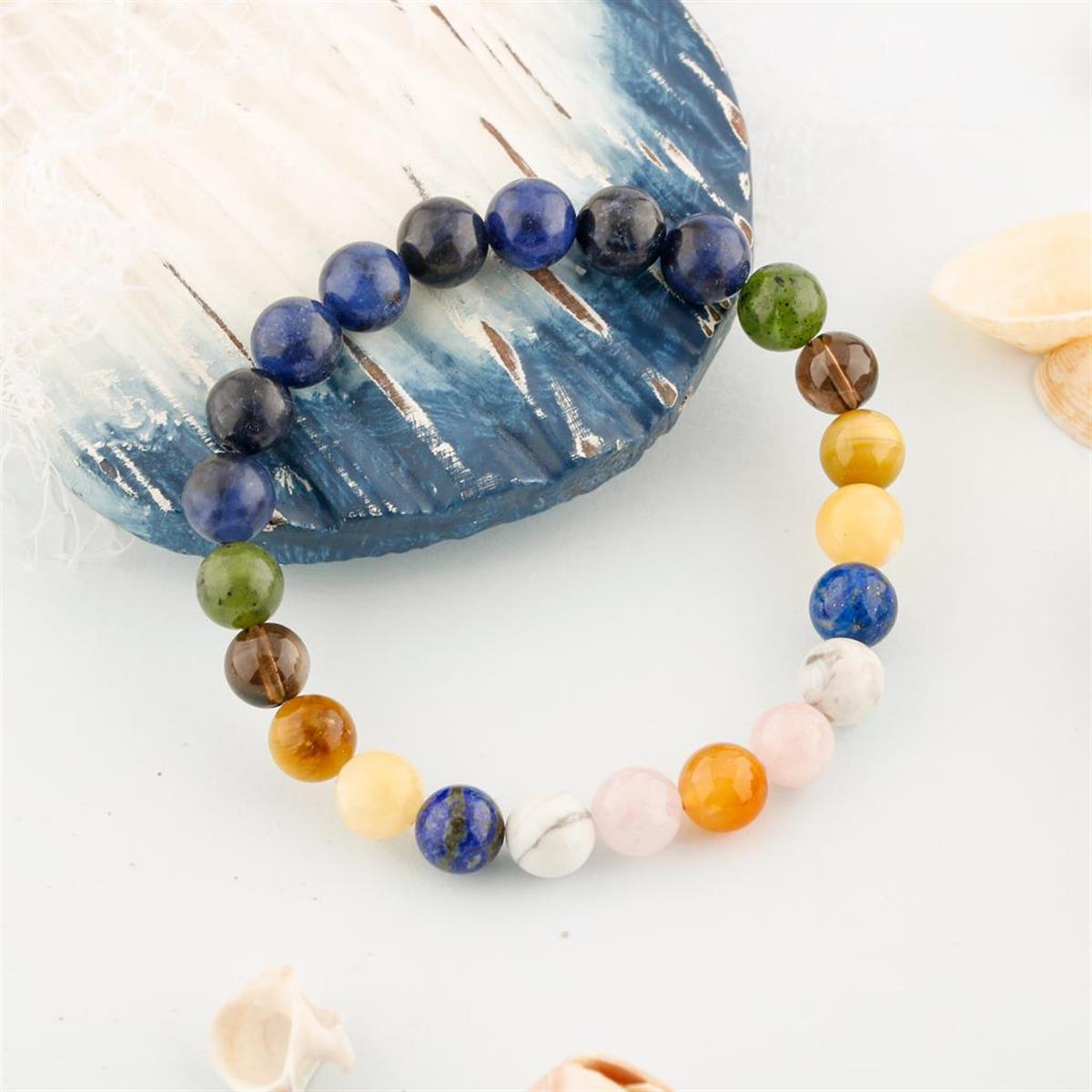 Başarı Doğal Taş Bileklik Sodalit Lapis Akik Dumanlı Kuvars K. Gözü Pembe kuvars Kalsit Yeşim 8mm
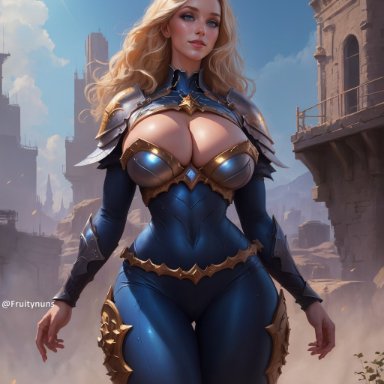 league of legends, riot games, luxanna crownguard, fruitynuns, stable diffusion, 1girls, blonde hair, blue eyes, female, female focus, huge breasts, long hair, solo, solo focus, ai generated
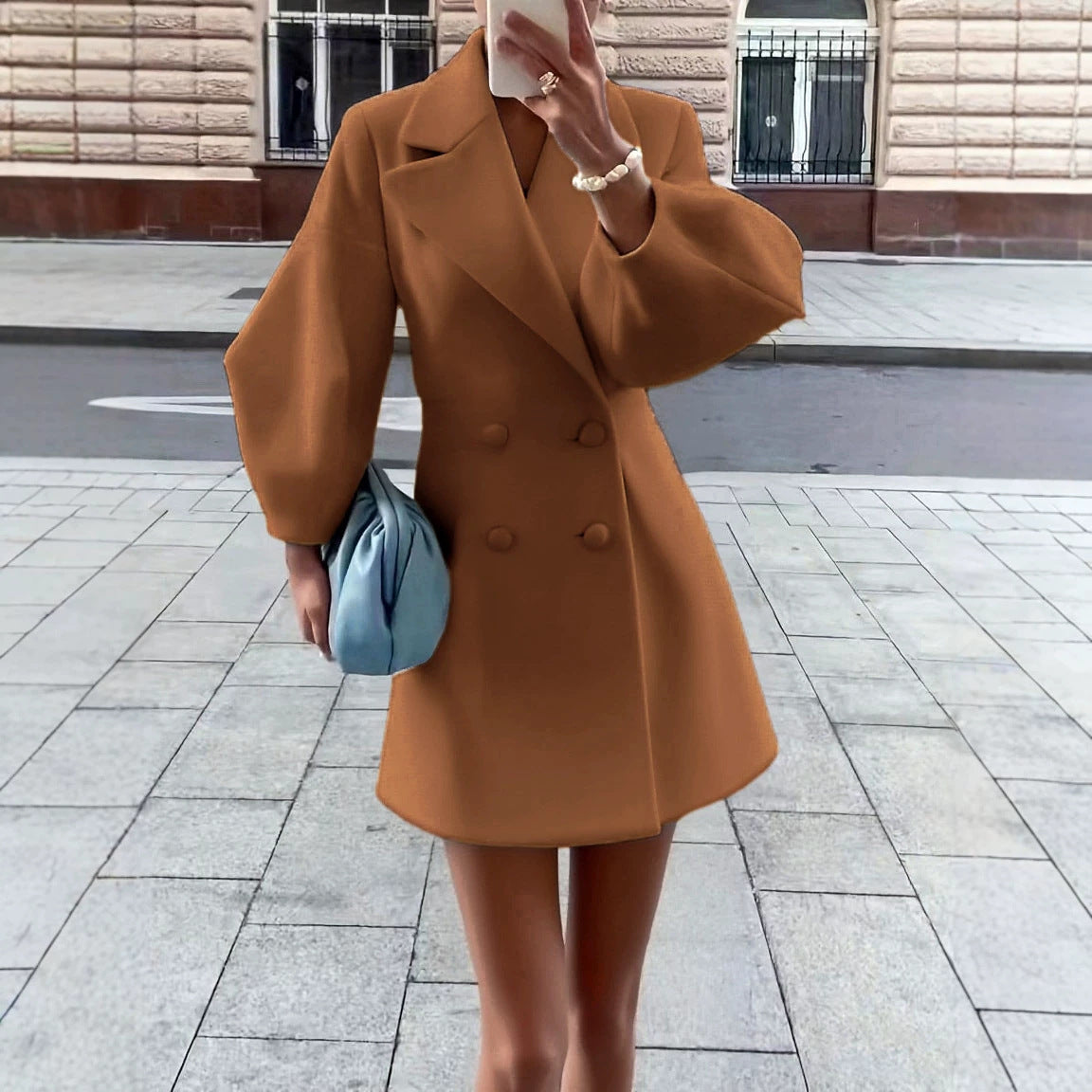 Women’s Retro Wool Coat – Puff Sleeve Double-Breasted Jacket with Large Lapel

» The task
Without reproducing any picture, repeat exactly the lines from the one containing "league of legends, riot" through the last line of the material above, both ends included.

» Result of this exercise
 league of legends, riot games, luxanna crownguard, fruitynuns, stable diffusion, 1girls, blonde hair, blue eyes, female, female focus, huge breasts, long hair, solo, solo focus, ai generated
 Women’s Retro Wool Coat – Puff Sleeve Double-Breasted Jacket with Large Lapel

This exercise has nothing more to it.